E se ecologia implica un sistema di relazioni e interazioni, il mantenimento di un adeguato equilibrio del nostro ambiente naturale è possibile solo quando siamo in grado di favorire un’ “ecologia umana”:  rapporti umani e interazioni che rispettino la dignità delle persone e il diritto alla vita, il bene comune e la natura stessa.

Perché custodire l’ambiente non significa solo difendere la terra, l’acqua e l’aria come doni della creazione che appartengono a tutti, è soprattutto una questione di proteggere l’umanità dall’autodistruzione. “L’uomo sarà in grado di rispettare le altre creature solo se mantiene il senso della vita nel suo cuore”.

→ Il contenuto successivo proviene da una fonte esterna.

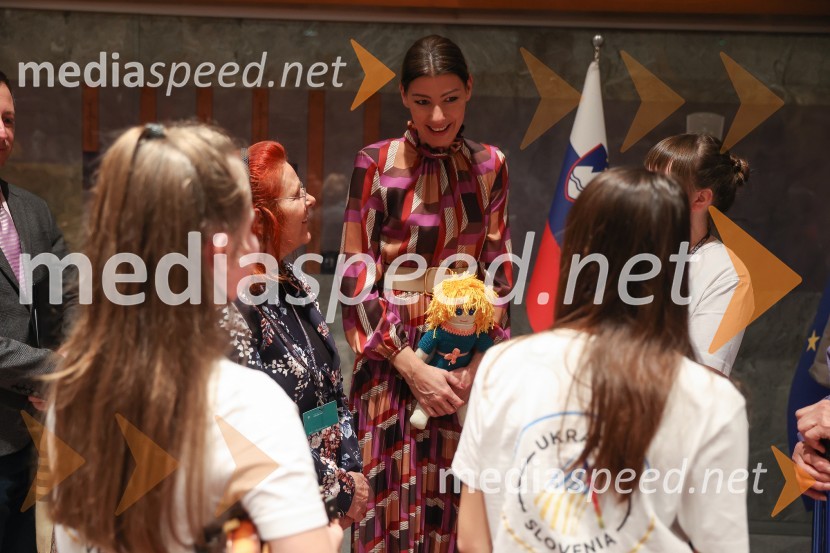 Otroški ansambel Music for the futureOtvoritev dobrodelne razstave UNICEF-ovih Punčk iz cunj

Costruire una nuova cultura nei confronti dell’ambiente significa evidenziarne la valenza di questione morale. “ La distruzione della natura è causata da una negligenza ecologica che trova riscontro a breve termine negli interessi economici e nella ricerca egoistica del profitto: quindi, in ultima analisi, in una mancanza di valori evangelici”. Per una soluzione adeguata occorrerà andare alla fonte del problema, affrontando nel suo insieme la profonda crisi morale di cui la distruzione dell’ambiente è solo un aspetto  inquietante.

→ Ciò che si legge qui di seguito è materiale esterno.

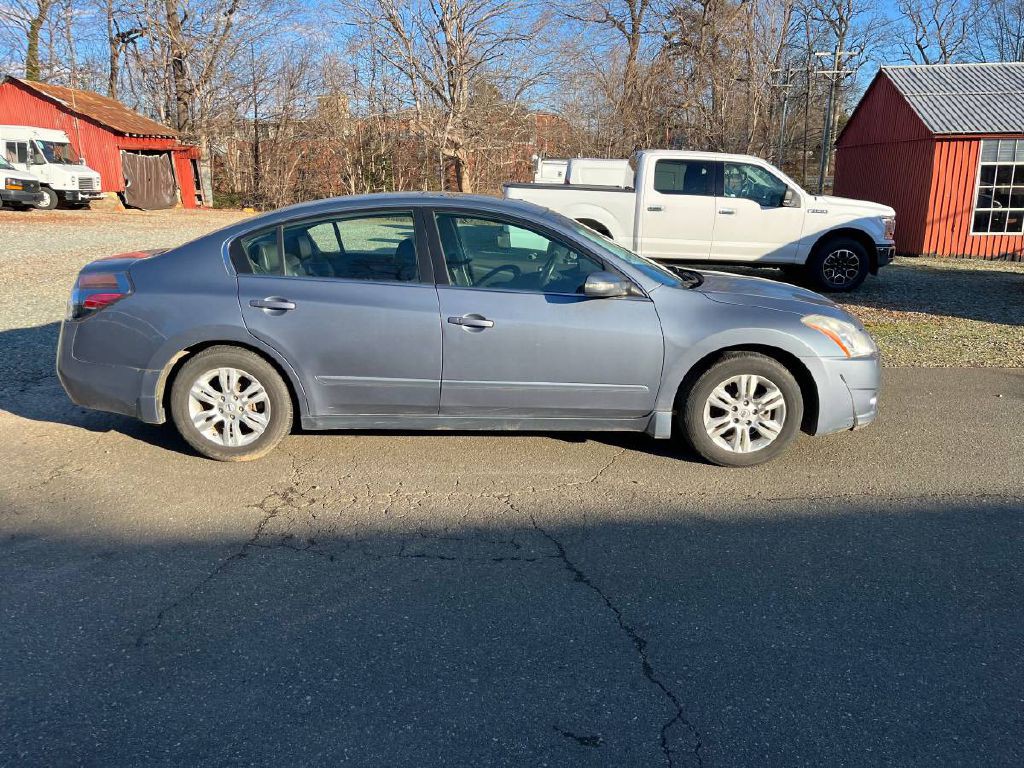 2010 Nissan Altima Image 3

http://www.cccb.ca/site/images/stories/pdf/Enseignement_de_lglise_sur_lenvironnement.pdf

http://www.cccb.ca/site/images/stories/pdf/Church_Teaching_on_the_Environment.pdf

“La creazione è stata affidata all’umanità nel suo complesso e non ad una singola persona, un gruppo o una nazione, le sue risorse e la responsabilità della sua cura devono essere condivise da tutti”. Da qui la solidarietà e condivisione tra individui, popoli e nazioni, così come la solidarietà  intergenerazionale nei confronti delle generazioni future. Fondamentale è la condivisione con i poveri della terra in termini di giustizia e bene comune: dal momento che il degrado ambientale è spesso legato alla povertà, la solidarietà esige di affrontare le cause strutturali della povertà.

Sono i governi, non le chiese, ad aver l’obbligo di individuare le soluzioni tecniche più adeguate, ma non c’è tempo da perdere.